_Your goal_
From the records below, output exactly the lines starting at the line with "Dit appartement op" and ending at the line with "villa avec piscine", both of them included, but no pictures.

++++ Records for this task ++++

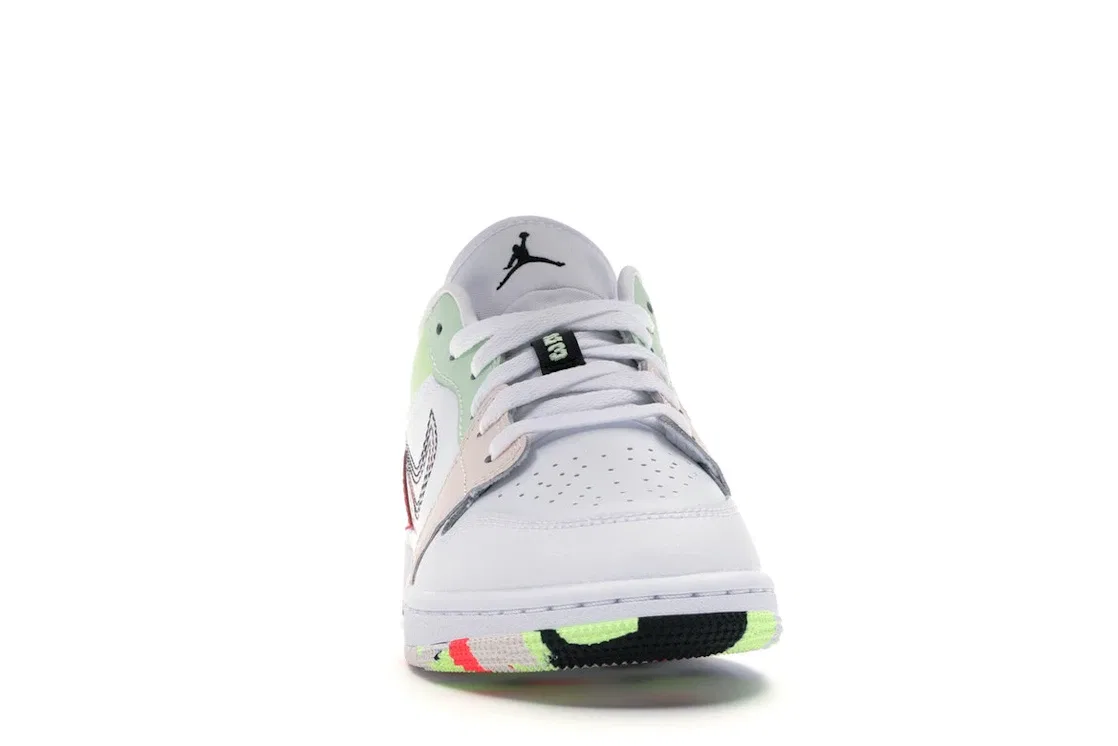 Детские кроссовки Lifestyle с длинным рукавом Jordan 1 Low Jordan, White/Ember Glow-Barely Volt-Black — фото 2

++++
++++ Records for this task ++++

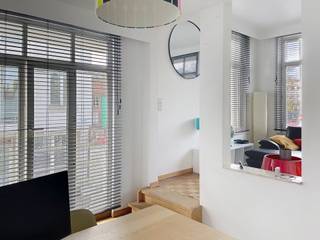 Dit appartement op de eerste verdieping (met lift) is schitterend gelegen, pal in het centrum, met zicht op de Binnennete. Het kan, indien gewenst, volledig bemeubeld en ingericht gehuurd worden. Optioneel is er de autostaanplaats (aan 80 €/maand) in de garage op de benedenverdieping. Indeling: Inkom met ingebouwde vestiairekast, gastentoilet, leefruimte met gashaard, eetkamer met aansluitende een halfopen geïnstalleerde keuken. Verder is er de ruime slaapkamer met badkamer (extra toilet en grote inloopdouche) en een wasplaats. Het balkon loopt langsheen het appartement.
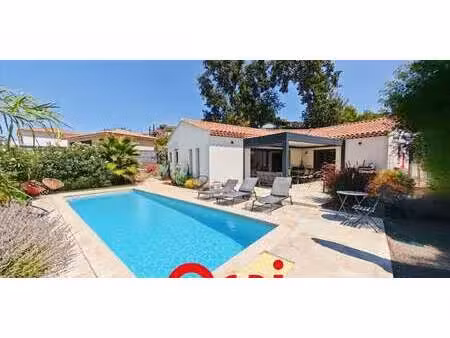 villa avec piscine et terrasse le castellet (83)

++++

_Solution for this task_
 Dit appartement op de eerste verdieping (met lift) is schitterend gelegen, pal in het centrum, met zicht op de Binnennete. Het kan, indien gewenst, volledig bemeubeld en ingericht gehuurd worden. Optioneel is er de autostaanplaats (aan 80 €/maand) in de garage op de benedenverdieping. Indeling: Inkom met ingebouwde vestiairekast, gastentoilet, leefruimte met gashaard, eetkamer met aansluitende een halfopen geïnstalleerde keuken. Verder is er de ruime slaapkamer met badkamer (extra toilet en grote inloopdouche) en een wasplaats. Het balkon loopt langsheen het appartement.
 villa avec piscine et terrasse le castellet (83)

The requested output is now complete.